Second, is this an IRA annuity? If it is, she says, it's important to consider tax implications, meaning all of the money that you withdraw will be taxed as ordinary income.
If you owe a lot of money, the best return on your investment is retiring high interest rate credit card debt, Ms. Cheng says. She suggests taking enough money out of the annuity to retire your credit card debt. If the rate of return on your annuity is greater than the interest rate you're paying on your home equity line of credit, however, she advises to not pay it off.
Q: I have a 5 percent mortgage with a balance of $53,000. If I pay off the mortgage, I save $500 a month. But this will affect my tax-free parsonage allowance, as the monthly payment would drop to zero. At what salary level does it make sense for a minister to pay off such a mortgage?
J.G., via e-mail
A: It isn't necessary to discontinue the parsonage allowance simply because you pay off the mortgage, says Vince Clanton, a certified financial planner in Atlanta.

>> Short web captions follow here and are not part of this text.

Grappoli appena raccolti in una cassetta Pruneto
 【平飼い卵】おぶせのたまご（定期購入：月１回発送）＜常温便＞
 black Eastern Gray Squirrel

The money is part of your pay package, he says, and is a matter between you and your church. It would be payable if you owned your home outright, had a mortgage, or paid rent to live in an apartment, he says.
As for the mortgage, a 5 percent interest rate on a home loan is good since rates are much higher today. Mr. Clanton suggests that it may be advantageous to keep the mortgage, and invest the funds that you would have used to pay it off.